──────── Information shown

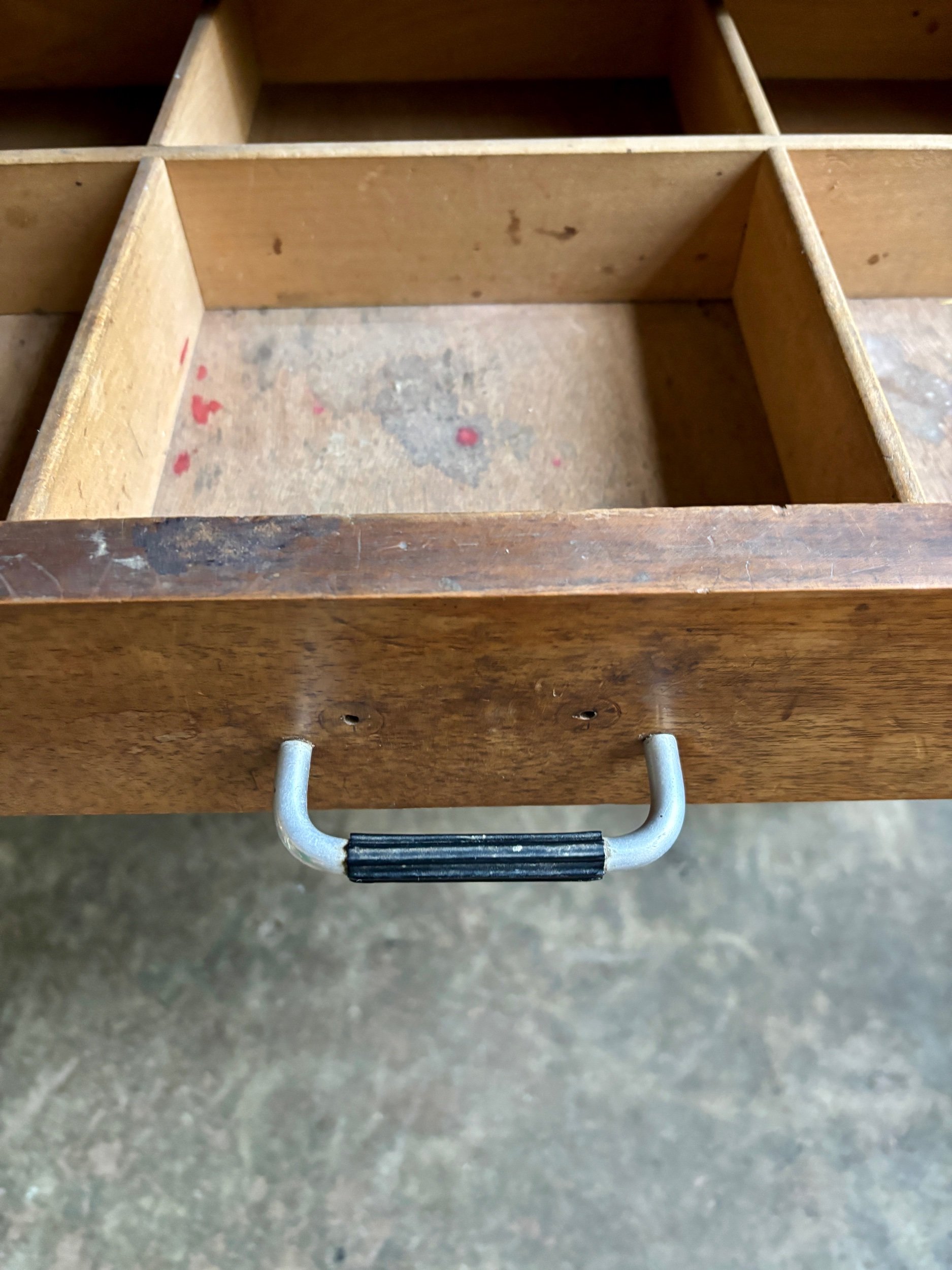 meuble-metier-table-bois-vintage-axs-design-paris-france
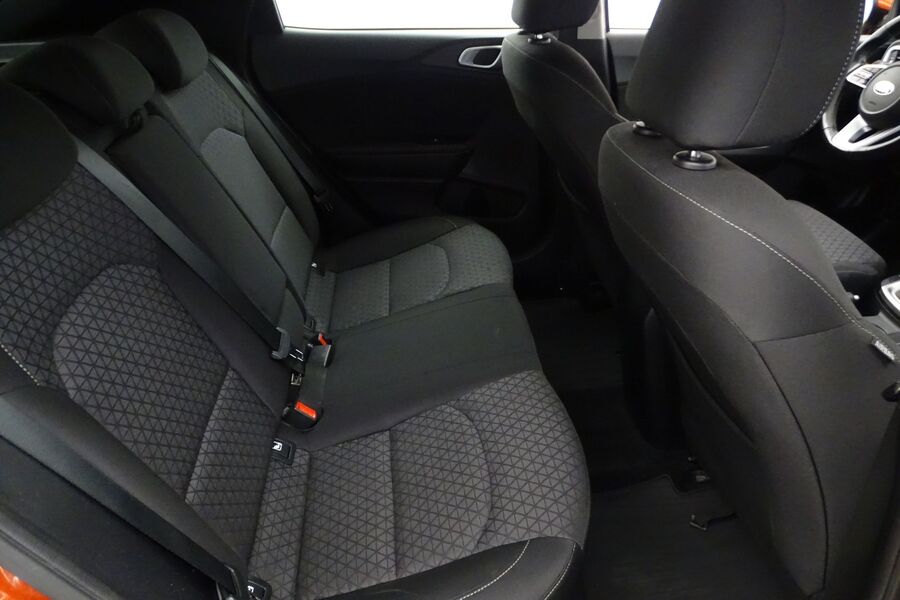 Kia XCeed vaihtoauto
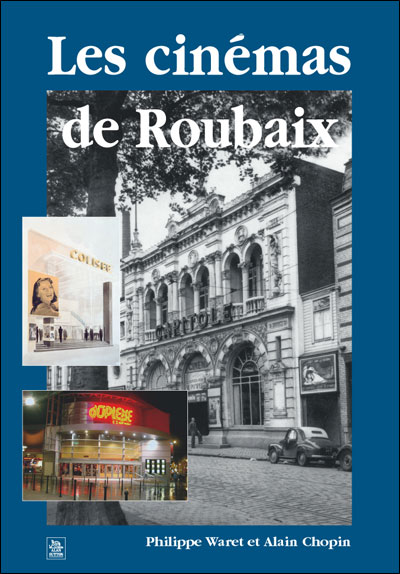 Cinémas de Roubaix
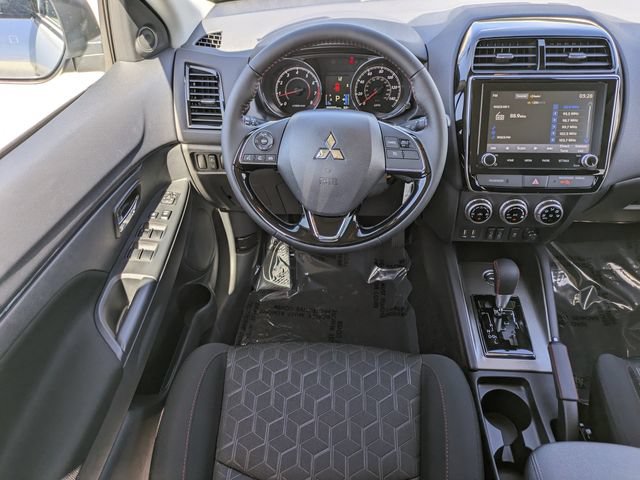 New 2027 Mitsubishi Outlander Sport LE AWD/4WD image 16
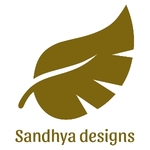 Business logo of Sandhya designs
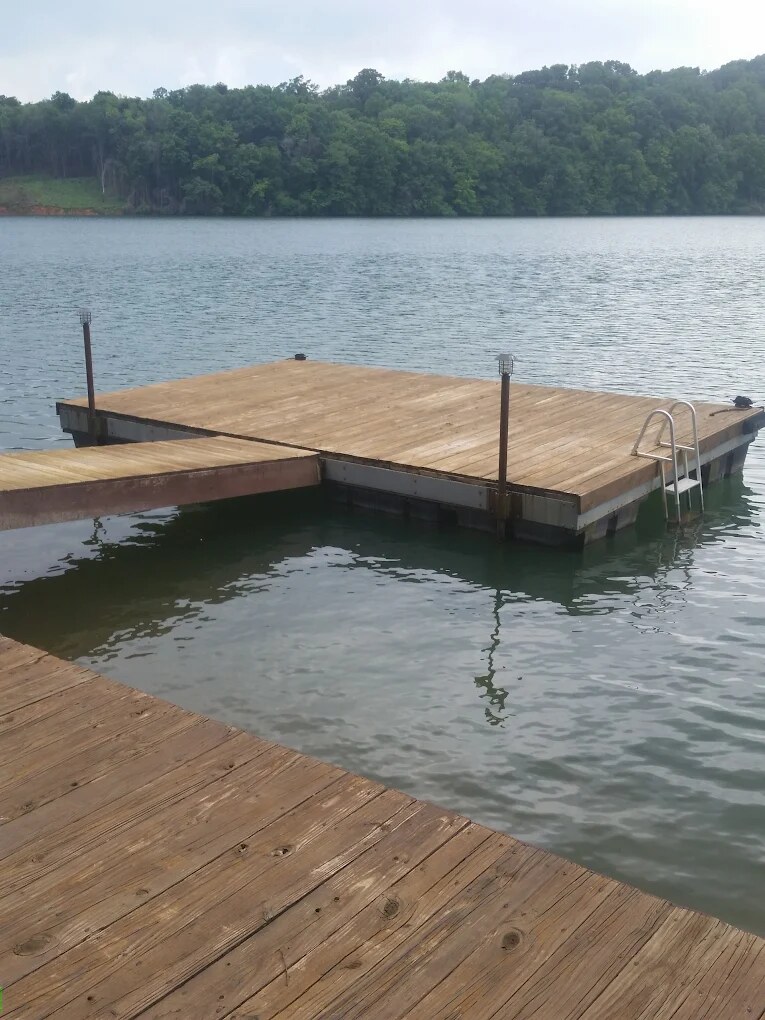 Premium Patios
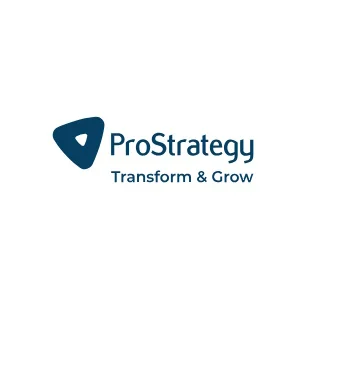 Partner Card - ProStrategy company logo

────────────────

Would you give the material back exactly, minus the pictures?

Expected answer ::
 meuble-metier-table-bois-vintage-axs-design-paris-france
 Kia XCeed vaihtoauto
 Cinémas de Roubaix
 New 2027 Mitsubishi Outlander Sport LE AWD/4WD image 16
 Business logo of Sandhya designs
 Premium Patios
 Partner Card - ProStrategy company logo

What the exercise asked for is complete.